Sample Acre – Cumberland Valley.

In preparation for the visit of the British Empire Forestry Conference in 1928, the Forests Commission cleared an acre of dense undergrowth from a stand of tall mountain ash forest in the Cumberland Valley east of Marysville, which it then suitably labelled the “Sample Acre”.

FCV tree expert Alfred Douglas Hardy wrote in March 1935 –

“So long ago as 1896, Mr H D Ingle, then a local forester (later one of the Forests Commissioners of Victoria), repeatedly referred to the tall forest in the Cumberland Valley, easterly from Mt Arnold. Trees in that forest, he claimed, were well over 300 feet.

So, to him may be credited the finding of one just exceeding that, since one in his tall forest is the Cumberland Tree, 301½ feet, accurately measured.

The Chairman of the Forests Commission, Victoria, for years held the opinion that the tallest tree would be found in the Cumberland River of Tyers River Valley.

For those to whom the earlier record is not available it may be re-stated that in preparation for the visit of the British Empire Forestry Conference in 1928, the Forests Commission of Victoria cleared the dense undergrowth of Pomaderris, Tree-ferns, Senecio, Hedycarya, Olearia, etc. from an acre, which the Commission has labelled “Sample Acre”.

The measurements made by Mr Ferguson, of the Commission’s service in 1928, gave the following results:-

Total number of trees 27. Height measured with Abney level (or clinometer), average – 266 feet, tallest of the group – 293 feet. Girth at 10 feet; average – 13.S feet; largest girth – 17 feet 4 inches.

A mean of more measurements might have increased Mr Ferguson’s average. My own mean, using two Abney levels, was 303 feet. Subsequent theodolite measurement by Mr Mervyn S Bill, Forests Surveyor, being 301½ feet.

The girth of this tallest Australian tree is 20½ feet at about 5 feet 6 inches and about 17 feet at 10 feet from the ground.”

In 1947, the heights of the 27 trees on the plot ranged from a minimum of 232 feet to a maximum of 301 feet 6 inches.

Measurements made again by the Forests Commission in 1955 of the tallest trees on the Sample Acre were –

TreeHeight.Girth – 10 feet above the ground.
1.285 feet14 feet
2.283 feet16 feet, 6 inches
3.301 feet 6 inches16 feet, 5 inches
4.285 feet13 feet, 6 inches
5.285 feet13 feet, 6 inches
6.279 feet16 feet
7.271 feet13 feet, 9 inches
8.283 feet22 feet, 7 inches


From: Ken J Simpfendorfer (April 1982). Big Trees in Victoria.

The Sample Acre only narrowly escaped the 1939 Black Friday bushfires when local MMBW crews extinguished the blaze.

Unfortunately half of its big trees were destroyed during a storm in 1959 and the tallest tree on the plot was damaged.  Another major storm on 21 December 1973 toppled more trees and damaged the crowns the remainder.
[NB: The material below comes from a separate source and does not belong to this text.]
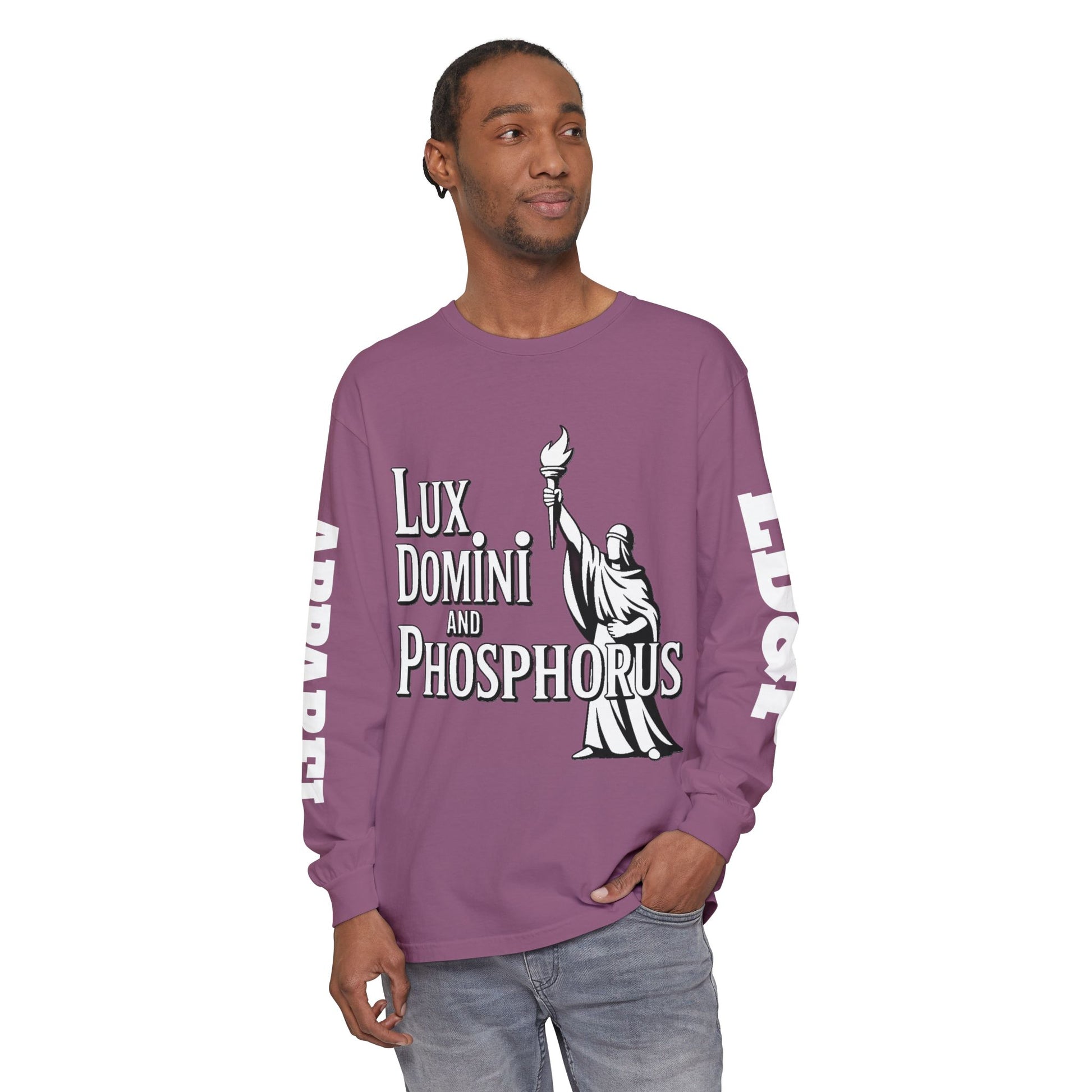 Lux Domini Phosphorus LD&P Long Sleeve T-Shirt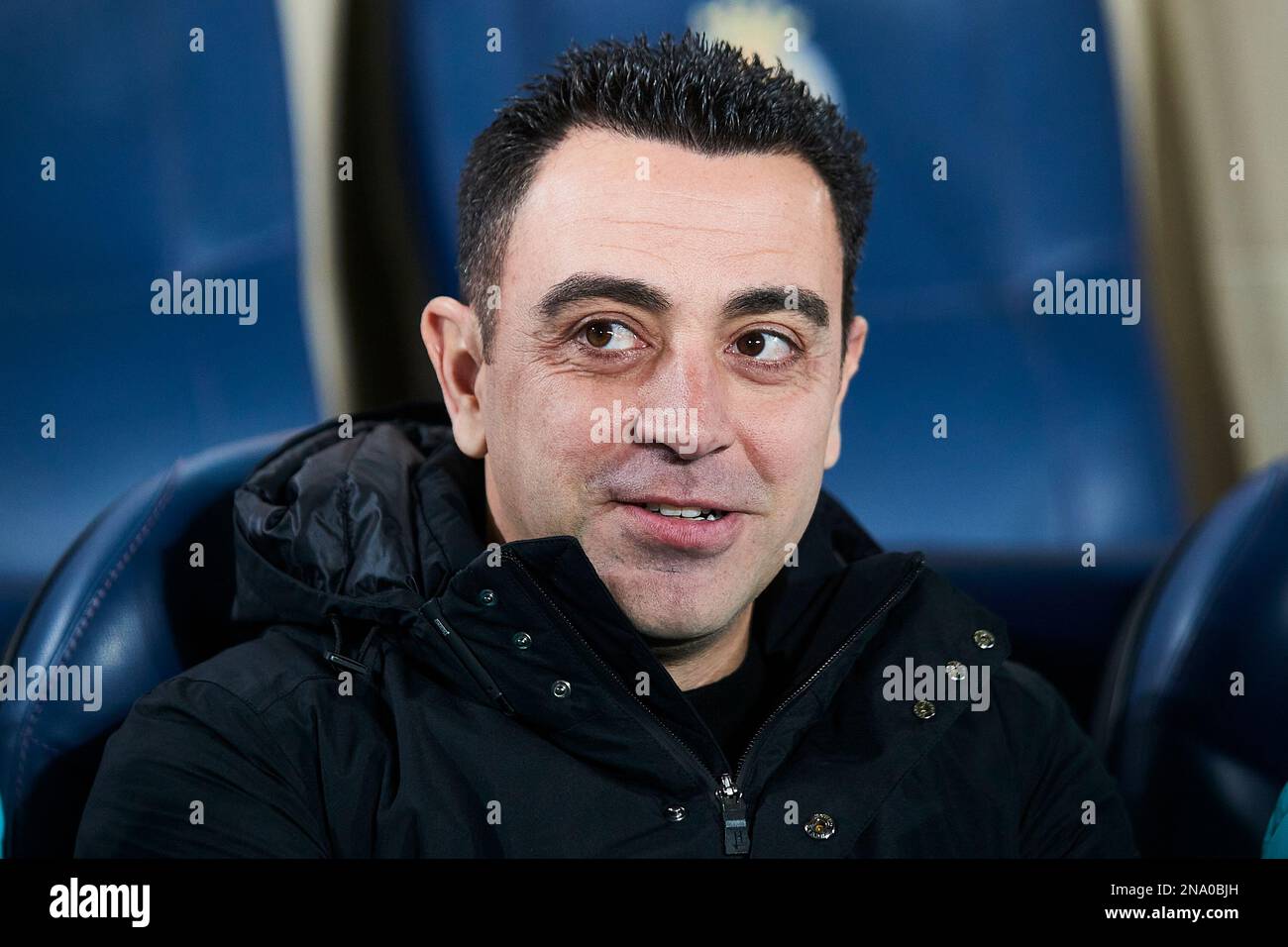 Xavi Hernandez (FC Barcelona) head coach Stock Photo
The fallen timber was assessed by Peter Ford and Jim Sherlock from Marysville and a salvage operation was conducted with follow up regeneration treatment

The area was also impacted by the 2009 Black Saturday bushfires.

The exact boundaries in the bush of the original 1928 Sample Acre. and the locations of its tall trees are now unrecognisable today because of fires and storms.

Currently the largest tree, which was once 301 feet, 6 inches, has been reduced in stature to 288 feet, 2 inches (87.84m).

Alfred Douglas Hardy (1935). Australia’s Giant Trees. Victorian. Naturalist, March 1935. pp 231-241.